- _Task description_
Could you repeat the entries below exactly, but only from the line with "Before I delve" through the line with "It burns without", and without any picture?

** Extracted data follows **

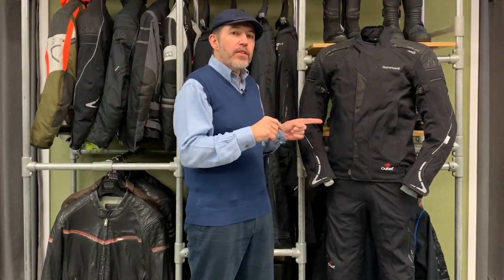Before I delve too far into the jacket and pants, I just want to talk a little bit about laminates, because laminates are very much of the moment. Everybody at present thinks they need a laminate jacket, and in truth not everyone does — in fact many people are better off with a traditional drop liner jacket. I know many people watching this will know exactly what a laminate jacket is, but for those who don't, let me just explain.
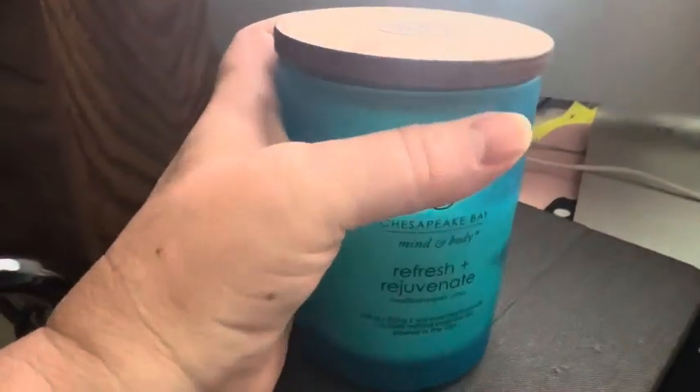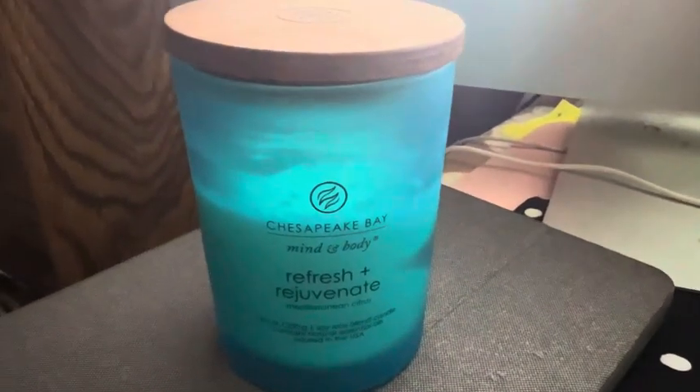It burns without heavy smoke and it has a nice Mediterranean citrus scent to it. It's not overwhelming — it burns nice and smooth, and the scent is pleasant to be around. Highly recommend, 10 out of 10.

** End of Extracted data **
** Extracted data follows **

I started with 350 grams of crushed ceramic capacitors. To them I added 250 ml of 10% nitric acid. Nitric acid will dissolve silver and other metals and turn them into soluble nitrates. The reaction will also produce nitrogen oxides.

** End of Extracted data **
** Extracted data follows **

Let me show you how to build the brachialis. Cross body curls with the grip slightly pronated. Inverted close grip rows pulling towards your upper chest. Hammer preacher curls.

** End of Extracted data **

- _Exercise result_
Before I delve too far into the jacket and pants, I just want to talk a little bit about laminates, because laminates are very much of the moment. Everybody at present thinks they need a laminate jacket, and in truth not everyone does — in fact many people are better off with a traditional drop liner jacket. I know many people watching this will know exactly what a laminate jacket is, but for those who don't, let me just explain.
It burns without heavy smoke and it has a nice Mediterranean citrus scent to it. It's not overwhelming — it burns nice and smooth, and the scent is pleasant to be around. Highly recommend, 10 out of 10.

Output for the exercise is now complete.